## [What is needed]
Copy every line of the following data that includes the string "Vintage".

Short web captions
———

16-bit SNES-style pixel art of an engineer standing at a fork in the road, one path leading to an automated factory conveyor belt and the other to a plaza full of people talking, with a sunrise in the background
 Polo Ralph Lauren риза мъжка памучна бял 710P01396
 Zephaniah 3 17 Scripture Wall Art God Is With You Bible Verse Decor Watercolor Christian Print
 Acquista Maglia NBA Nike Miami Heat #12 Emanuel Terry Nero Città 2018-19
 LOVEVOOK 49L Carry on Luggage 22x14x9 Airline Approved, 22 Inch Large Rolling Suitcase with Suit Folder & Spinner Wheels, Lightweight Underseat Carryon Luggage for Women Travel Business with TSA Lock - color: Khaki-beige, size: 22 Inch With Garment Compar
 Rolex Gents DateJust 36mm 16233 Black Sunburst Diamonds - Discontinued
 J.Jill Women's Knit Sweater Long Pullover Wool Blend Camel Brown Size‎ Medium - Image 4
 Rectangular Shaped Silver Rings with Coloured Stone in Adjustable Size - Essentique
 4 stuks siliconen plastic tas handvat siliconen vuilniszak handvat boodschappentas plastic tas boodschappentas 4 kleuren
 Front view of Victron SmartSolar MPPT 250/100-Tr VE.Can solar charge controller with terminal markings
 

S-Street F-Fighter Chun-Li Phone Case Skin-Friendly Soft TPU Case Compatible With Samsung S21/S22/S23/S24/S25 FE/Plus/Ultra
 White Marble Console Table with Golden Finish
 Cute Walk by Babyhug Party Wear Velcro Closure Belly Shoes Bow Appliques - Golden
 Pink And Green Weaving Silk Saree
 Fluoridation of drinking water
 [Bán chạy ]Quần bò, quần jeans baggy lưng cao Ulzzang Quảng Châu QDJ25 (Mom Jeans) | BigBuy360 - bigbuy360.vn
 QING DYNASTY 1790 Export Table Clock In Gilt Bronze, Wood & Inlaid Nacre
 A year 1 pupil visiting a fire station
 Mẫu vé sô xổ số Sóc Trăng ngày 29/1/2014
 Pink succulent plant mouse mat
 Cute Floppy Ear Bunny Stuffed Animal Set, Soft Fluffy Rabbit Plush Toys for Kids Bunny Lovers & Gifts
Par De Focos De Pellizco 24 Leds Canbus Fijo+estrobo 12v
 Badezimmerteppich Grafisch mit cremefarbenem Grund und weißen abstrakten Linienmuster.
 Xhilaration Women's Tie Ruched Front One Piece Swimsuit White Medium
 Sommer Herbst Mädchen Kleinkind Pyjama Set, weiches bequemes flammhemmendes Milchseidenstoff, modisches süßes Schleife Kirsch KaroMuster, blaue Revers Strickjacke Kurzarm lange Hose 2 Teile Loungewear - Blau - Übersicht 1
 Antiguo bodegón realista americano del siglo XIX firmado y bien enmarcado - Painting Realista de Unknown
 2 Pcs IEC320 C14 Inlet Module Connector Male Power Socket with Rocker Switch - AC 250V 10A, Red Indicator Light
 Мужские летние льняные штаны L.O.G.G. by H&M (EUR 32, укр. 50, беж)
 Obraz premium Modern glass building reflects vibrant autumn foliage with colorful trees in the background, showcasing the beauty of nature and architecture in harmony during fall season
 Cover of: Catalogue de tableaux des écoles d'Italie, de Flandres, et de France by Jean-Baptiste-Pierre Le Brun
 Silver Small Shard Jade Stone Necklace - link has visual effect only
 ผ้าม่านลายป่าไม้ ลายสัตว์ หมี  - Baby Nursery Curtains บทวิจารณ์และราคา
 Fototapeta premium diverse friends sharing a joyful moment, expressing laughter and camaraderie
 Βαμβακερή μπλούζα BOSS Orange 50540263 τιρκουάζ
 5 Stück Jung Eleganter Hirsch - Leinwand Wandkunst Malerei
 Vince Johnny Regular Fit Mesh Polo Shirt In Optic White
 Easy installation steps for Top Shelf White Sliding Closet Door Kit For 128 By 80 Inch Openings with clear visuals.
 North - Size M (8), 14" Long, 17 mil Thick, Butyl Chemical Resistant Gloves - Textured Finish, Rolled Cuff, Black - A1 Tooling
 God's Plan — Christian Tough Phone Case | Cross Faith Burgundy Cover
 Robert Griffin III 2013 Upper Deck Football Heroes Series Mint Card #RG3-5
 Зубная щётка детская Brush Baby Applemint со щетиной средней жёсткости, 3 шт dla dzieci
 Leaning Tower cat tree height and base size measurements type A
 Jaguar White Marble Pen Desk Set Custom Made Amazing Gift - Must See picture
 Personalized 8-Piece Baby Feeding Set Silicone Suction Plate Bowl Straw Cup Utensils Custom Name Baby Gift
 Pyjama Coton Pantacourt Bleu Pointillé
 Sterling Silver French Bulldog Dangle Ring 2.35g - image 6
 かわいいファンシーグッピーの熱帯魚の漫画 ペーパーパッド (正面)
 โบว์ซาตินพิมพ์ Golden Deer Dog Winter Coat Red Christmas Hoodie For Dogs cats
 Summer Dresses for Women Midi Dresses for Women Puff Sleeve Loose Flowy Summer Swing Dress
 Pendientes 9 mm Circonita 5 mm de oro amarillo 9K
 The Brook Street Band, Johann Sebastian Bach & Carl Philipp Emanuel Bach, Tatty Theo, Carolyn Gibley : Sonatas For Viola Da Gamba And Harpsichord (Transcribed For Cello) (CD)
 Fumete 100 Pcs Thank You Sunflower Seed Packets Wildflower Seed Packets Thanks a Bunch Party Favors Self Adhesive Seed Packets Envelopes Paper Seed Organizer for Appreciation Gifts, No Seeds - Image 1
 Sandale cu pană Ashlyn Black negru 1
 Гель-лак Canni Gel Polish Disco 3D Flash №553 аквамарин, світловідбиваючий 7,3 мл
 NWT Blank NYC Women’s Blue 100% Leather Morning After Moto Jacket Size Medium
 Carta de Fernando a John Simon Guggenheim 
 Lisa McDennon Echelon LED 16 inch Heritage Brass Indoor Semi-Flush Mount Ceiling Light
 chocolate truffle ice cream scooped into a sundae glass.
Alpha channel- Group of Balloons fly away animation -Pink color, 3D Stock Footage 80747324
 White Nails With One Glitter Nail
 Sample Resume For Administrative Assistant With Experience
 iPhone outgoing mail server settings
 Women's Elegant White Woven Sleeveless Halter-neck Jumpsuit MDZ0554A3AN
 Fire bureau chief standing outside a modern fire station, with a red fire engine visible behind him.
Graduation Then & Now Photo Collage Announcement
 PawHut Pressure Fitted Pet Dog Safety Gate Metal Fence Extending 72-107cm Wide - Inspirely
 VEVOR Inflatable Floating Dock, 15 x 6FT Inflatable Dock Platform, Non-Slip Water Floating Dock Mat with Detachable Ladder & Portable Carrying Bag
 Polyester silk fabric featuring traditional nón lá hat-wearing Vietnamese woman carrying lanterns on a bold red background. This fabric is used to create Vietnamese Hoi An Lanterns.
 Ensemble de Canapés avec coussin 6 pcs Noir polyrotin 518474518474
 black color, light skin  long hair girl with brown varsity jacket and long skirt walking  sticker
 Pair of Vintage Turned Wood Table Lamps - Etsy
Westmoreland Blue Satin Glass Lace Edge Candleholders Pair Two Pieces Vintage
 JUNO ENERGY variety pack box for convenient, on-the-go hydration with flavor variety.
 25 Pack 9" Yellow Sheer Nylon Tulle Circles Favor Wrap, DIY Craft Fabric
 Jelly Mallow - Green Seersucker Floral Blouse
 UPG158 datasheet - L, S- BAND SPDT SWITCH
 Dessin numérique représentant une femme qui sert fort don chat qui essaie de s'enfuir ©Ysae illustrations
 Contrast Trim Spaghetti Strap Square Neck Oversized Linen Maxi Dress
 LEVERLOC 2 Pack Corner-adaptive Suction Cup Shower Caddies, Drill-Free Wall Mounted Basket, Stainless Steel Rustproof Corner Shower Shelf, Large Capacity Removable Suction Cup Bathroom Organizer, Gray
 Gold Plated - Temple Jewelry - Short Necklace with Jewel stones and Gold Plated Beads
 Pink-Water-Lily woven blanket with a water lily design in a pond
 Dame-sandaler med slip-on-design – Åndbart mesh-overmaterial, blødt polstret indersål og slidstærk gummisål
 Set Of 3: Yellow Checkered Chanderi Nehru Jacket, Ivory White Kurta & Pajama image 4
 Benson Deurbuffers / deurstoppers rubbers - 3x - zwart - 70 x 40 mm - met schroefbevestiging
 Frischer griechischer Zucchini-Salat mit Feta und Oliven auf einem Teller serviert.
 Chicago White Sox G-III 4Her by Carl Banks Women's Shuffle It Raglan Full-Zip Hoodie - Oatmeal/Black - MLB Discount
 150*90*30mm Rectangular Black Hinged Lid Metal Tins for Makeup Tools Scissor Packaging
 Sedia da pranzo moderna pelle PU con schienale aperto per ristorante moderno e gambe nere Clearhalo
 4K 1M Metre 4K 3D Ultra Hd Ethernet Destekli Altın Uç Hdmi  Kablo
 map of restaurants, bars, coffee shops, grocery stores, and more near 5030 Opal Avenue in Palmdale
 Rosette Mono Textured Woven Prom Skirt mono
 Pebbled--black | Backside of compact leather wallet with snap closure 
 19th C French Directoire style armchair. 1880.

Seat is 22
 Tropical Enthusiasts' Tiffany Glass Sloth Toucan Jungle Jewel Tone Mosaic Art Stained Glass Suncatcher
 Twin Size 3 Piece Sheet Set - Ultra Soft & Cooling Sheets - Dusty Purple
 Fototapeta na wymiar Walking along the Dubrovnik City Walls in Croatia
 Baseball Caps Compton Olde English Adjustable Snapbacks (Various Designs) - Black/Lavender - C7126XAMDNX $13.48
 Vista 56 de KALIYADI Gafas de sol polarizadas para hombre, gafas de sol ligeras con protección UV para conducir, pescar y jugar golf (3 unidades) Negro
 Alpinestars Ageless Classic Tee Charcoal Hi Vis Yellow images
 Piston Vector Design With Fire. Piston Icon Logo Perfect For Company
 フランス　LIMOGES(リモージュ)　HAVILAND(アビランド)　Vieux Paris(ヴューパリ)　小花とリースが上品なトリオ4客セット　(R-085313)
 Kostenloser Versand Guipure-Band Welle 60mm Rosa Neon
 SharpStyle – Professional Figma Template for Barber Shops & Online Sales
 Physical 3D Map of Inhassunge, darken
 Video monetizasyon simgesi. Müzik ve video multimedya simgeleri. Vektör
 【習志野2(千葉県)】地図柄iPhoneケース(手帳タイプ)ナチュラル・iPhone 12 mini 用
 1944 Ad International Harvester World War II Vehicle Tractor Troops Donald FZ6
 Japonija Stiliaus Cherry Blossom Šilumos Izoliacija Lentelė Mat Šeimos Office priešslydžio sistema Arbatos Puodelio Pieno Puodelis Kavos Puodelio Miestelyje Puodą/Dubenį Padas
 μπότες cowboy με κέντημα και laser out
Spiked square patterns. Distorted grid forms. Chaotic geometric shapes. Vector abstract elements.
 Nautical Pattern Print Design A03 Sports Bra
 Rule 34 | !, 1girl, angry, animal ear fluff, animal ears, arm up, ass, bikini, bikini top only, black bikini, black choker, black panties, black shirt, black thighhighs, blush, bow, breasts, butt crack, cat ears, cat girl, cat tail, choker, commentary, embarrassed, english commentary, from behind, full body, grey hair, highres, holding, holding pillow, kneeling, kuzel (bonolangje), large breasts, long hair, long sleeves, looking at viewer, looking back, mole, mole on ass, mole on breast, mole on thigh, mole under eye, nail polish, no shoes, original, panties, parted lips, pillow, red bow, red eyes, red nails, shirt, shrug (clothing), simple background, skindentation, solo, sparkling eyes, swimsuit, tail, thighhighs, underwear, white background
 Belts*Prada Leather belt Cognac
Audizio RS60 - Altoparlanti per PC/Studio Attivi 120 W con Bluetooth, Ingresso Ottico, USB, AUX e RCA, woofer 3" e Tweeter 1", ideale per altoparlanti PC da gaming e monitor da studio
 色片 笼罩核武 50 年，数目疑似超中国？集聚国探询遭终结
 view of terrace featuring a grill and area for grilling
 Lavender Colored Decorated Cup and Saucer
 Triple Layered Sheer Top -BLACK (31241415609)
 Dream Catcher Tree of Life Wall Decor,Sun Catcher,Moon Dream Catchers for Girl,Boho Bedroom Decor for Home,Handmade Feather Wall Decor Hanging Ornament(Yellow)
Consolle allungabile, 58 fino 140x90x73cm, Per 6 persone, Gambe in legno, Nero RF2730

———

## [Exercise output]
 Pair of Vintage Turned Wood Table Lamps - Etsy
Westmoreland Blue Satin Glass Lace Edge Candleholders Pair Two Pieces Vintage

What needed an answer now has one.